[What is needed]: After locating the line that contains "Дверь Toyota Rav4 2000-2006", give that line and all the rest through the end of the entries again exactly, leaving the pictures out.

[Supplied data]:
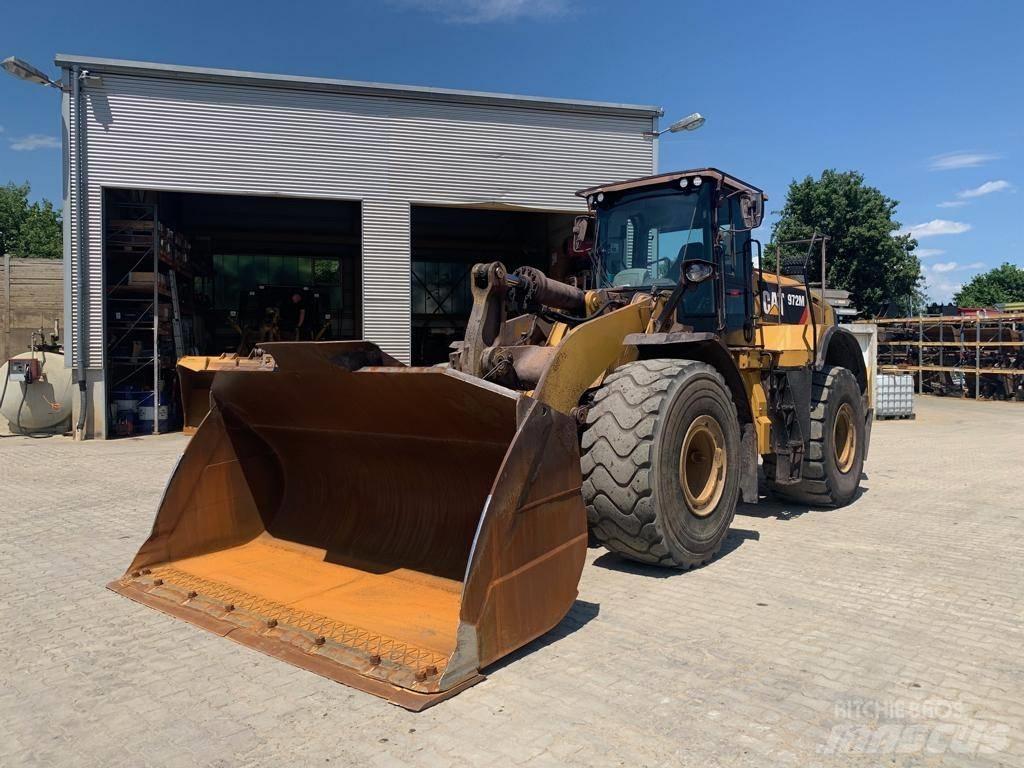 CAT 972 M Kolesni nakladalci
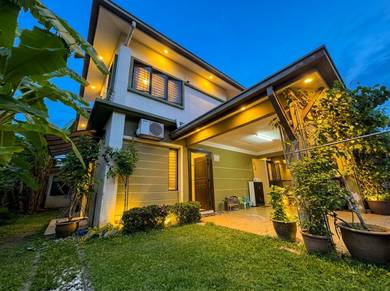 Semi-Detached House For Sale in Shah Alam,SGR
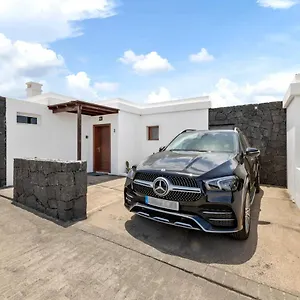 https://lanzarote-villa-3-islas.in-canary-islands.com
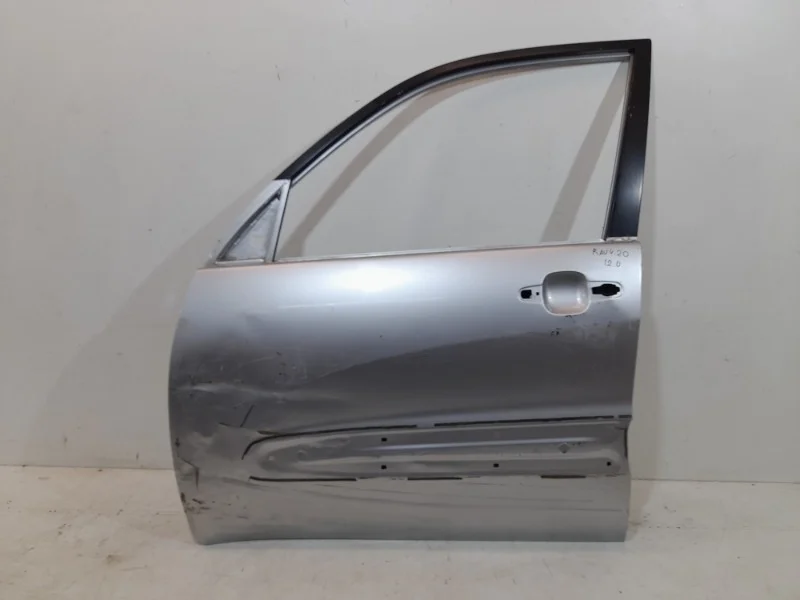 Дверь Toyota Rav4 2000-2006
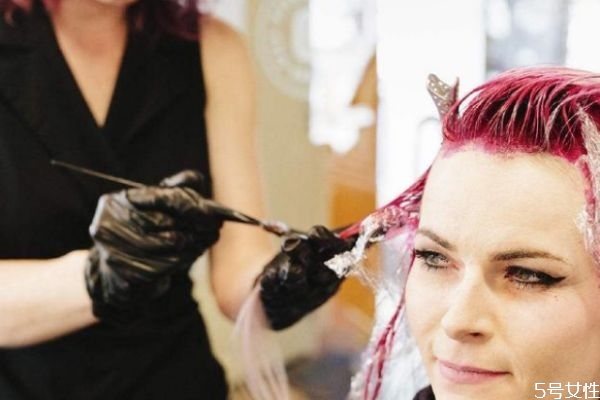 皮肤染上染发剂怎么快速清除,被染发剂染到皮肤怎么去除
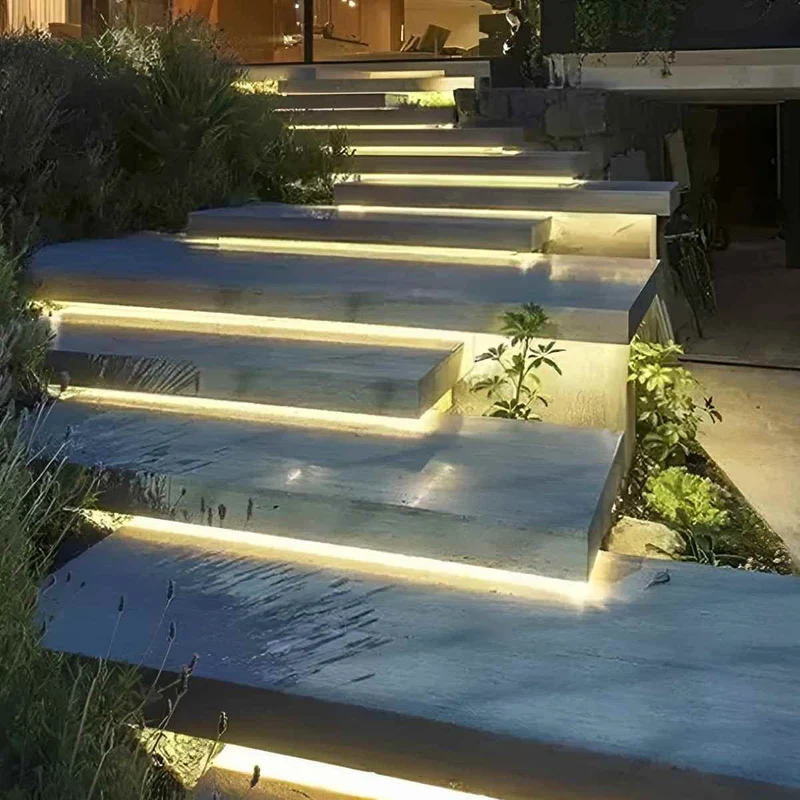 Flexibele LED-strip 24V Waterdicht IP68 Warm Wit voor Tuin Terras Vijver Inbouw Buitenverlichting Sfeer | Sansoti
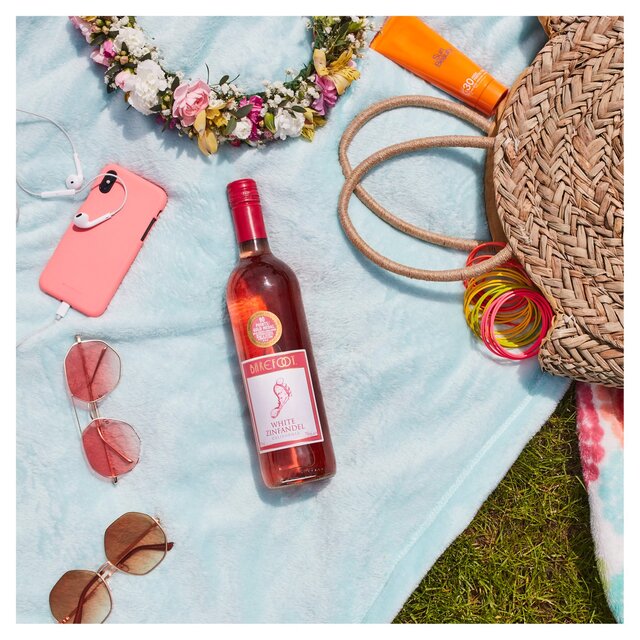 Barefoot White Zinfandel thumbnail 3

[Answer section]:
 Дверь Toyota Rav4 2000-2006
 皮肤染上染发剂怎么快速清除,被染发剂染到皮肤怎么去除
 Flexibele LED-strip 24V Waterdicht IP68 Warm Wit voor Tuin Terras Vijver Inbouw Buitenverlichting Sfeer | Sansoti
 Barefoot White Zinfandel thumbnail 3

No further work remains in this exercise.